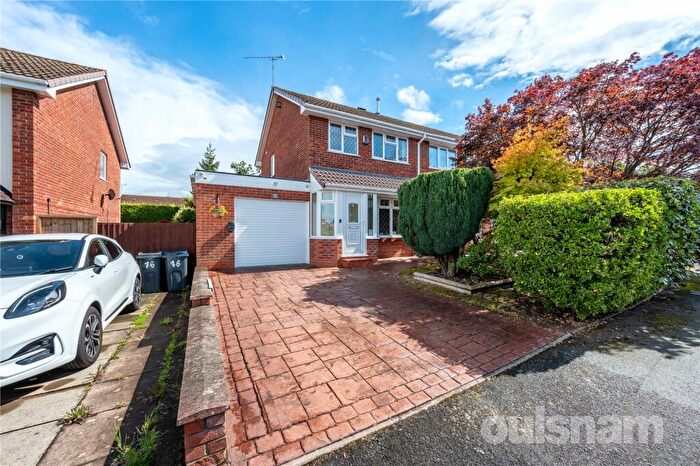 3 Bedroom Semi-Detached House For Sale In New Meadow Close, Northfield, Birmingham, B31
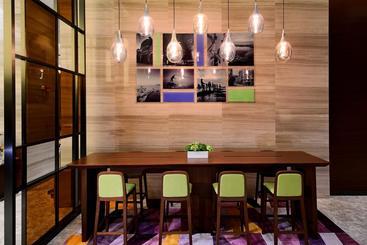 هتل Hampton By Hilton Beihai Station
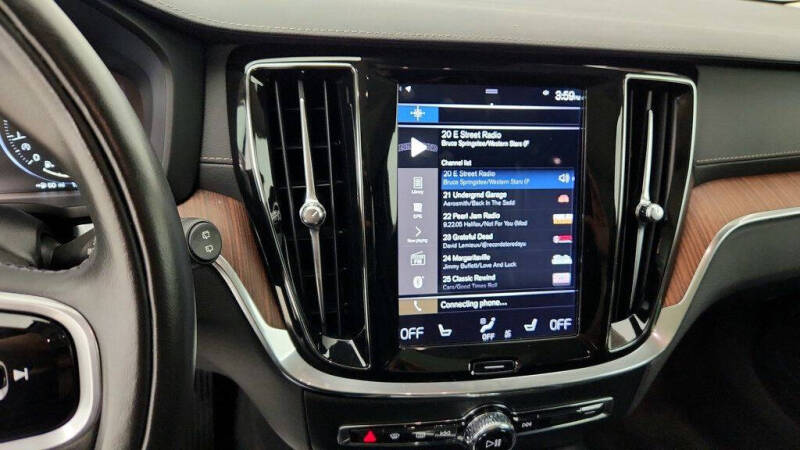 2020 Volvo V60 Cross Country T5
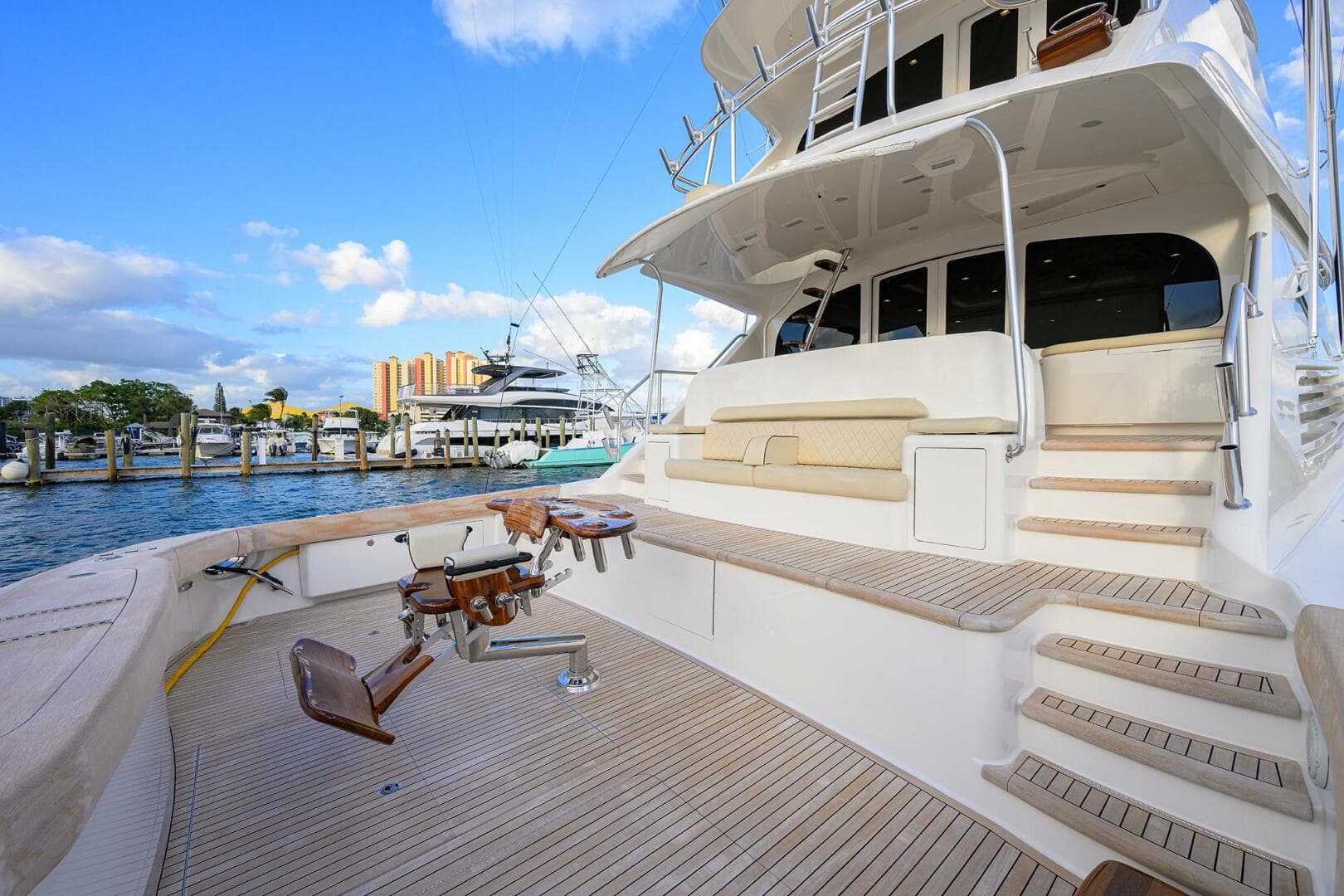 Viking 92 CHINA TIME - Cockpit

PROBLEM
Reproduce the whole listing word for word, setting aside any pictures.

RESPONSE TO THE EXERCISE
 3 Bedroom Semi-Detached House For Sale In New Meadow Close, Northfield, Birmingham, B31
 هتل Hampton By Hilton Beihai Station
 2020 Volvo V60 Cross Country T5
 Viking 92 CHINA TIME - Cockpit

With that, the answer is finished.